# Best 2k lacquer/clear



## SadlyDistracted (Jan 18, 2013)

Hiya, 
A question for painting gurus, which is the better clear for diy /panel repair and wheel use, 
Lechler Mega lack,
Lechler Macrofan 2000,
Body+,
Novol,
HB 493,495,496
or 
Max Meyer 0200 / 6000

Any recommendations or advice appreciated.


----------



## theshoe202 (Mar 3, 2016)

I've used quite a few clears. All on my garage and not a booth. Max Mayer 0200 is amazing stuff.
I've been really surprised at how it flows out and how it polishes. Others can be really difficult to flat and polish. 

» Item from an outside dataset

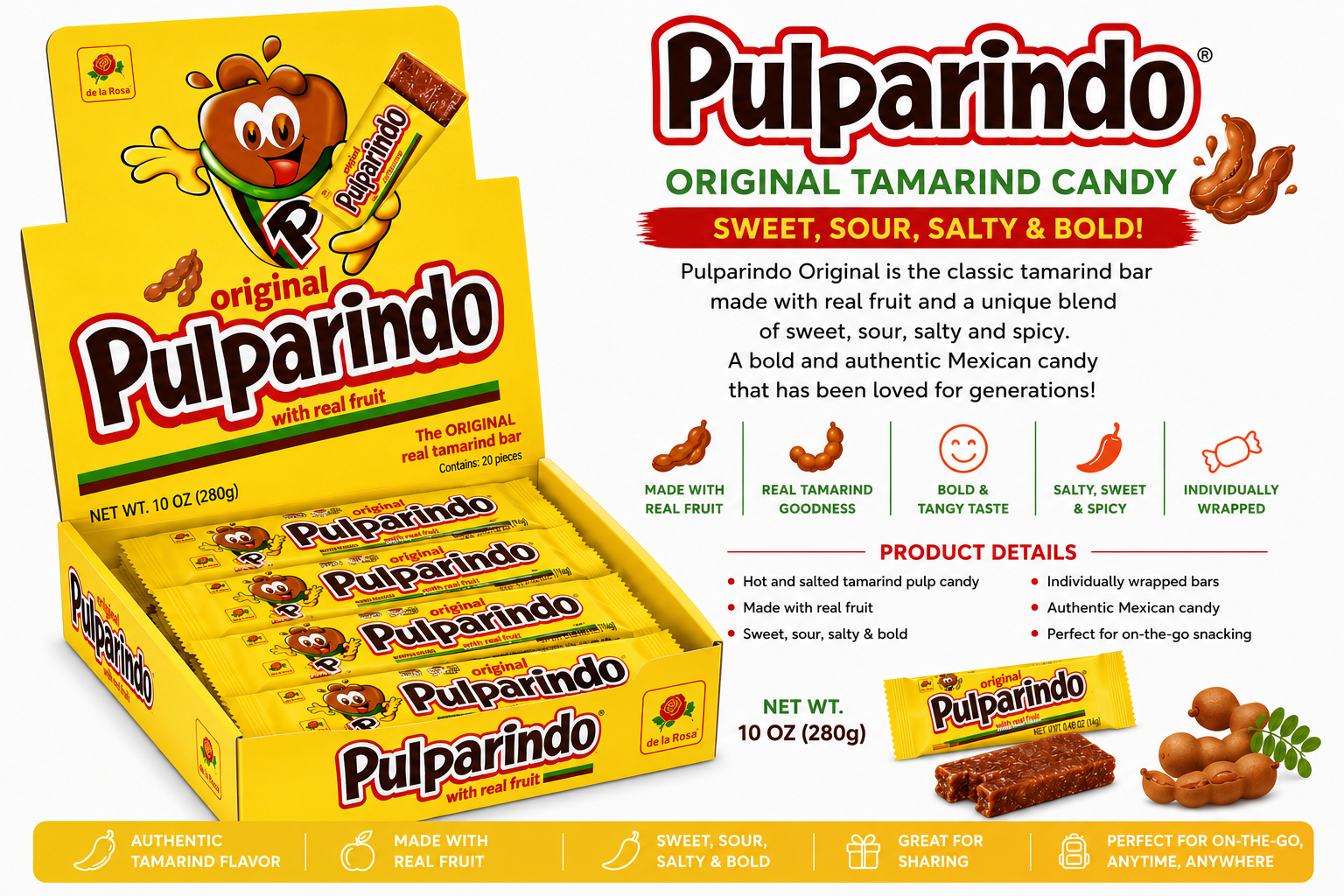 Pulparindo Original Tamarind Candy Bars – 20 Count Display Box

I did find it slightly thinner than some clears I've used but you can just spray a little quicker. It also smells quite nice as it dries and not as potent as some 


Definitely can't go wrong witb it though .

Sent from my HTC One_M8 using Tapatalk


----------



## XRDAN (Feb 28, 2012)

theshoe202 said:


> It also smells quite nice as it dries
> 
> Sent from my HTC One_M8 using Tapatalk


Seriously ?


----------



## SadlyDistracted (Jan 18, 2013)

*smelly paint*

Another lacquer that seems to be really good is 'Quartz's Crystal Clear (slow) or their 'Liquid glass' / speedgloss (fast)

Any one heard of or have any experience of them?


----------



## SamD (Oct 24, 2015)

Sherwin Willams do a nice clear though I've been told by my supplier they won't be importing it into the UK soon, correct me if I'm wrong.


----------



## 3gdean (Jun 18, 2011)

SamD said:


> Sherwin Willams do a nice clear though I've been told by my supplier they won't be importing it into the UK soon, correct me if I'm wrong.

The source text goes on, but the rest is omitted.